══ Exercise data

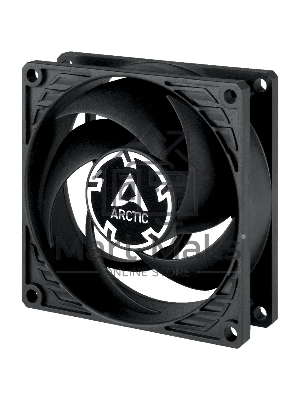 Вентилятор для корпуса Arctic P8 Max черный, 80 мм, 5000 об/мин, 25.3 дБ, 4 pin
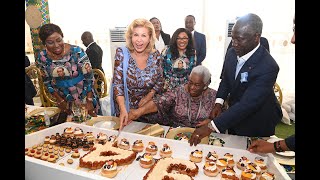 Lancienne et première dame de Côte dIvoire fête ses 94 ans [upl. by Marlow145]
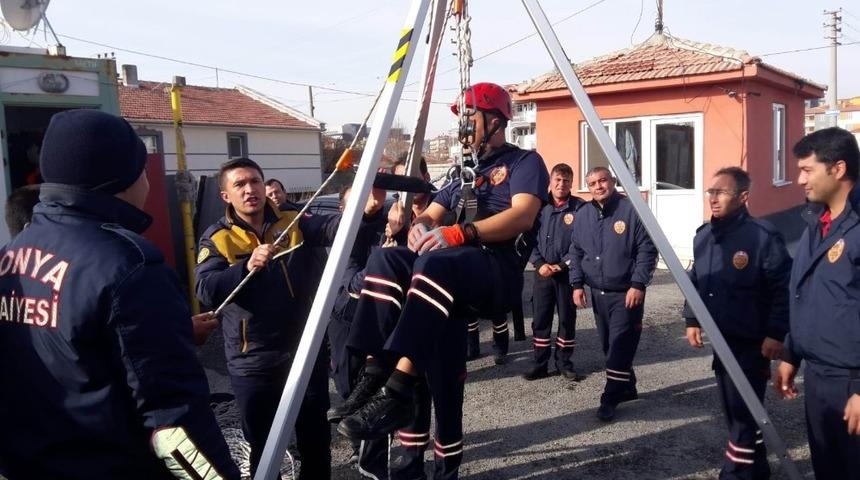Kulu itfaiyesine hizmet i&ccedil;i eğitim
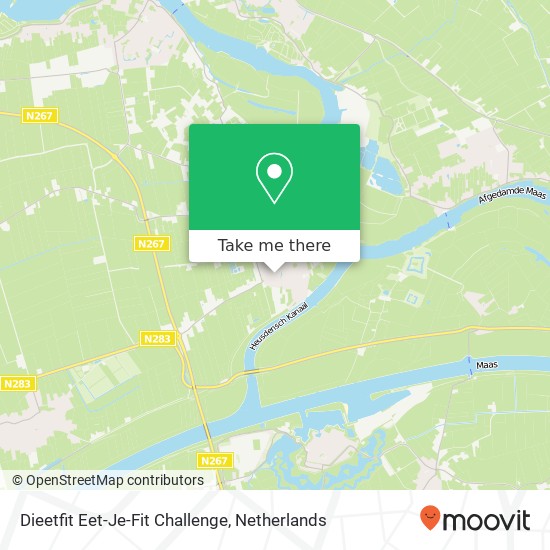 Dieetfit Eet-Je-Fit Challenge, Vogelenzang map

════

Work instruction: The answer should be the full material above, printed exactly, with no pictures in it.

Solution to the exercise:
 Вентилятор для корпуса Arctic P8 Max черный, 80 мм, 5000 об/мин, 25.3 дБ, 4 pin
 Lancienne et première dame de Côte dIvoire fête ses 94 ans [upl. by Marlow145]
Kulu itfaiyesine hizmet i&ccedil;i eğitim
 Dieetfit Eet-Je-Fit Challenge, Vogelenzang map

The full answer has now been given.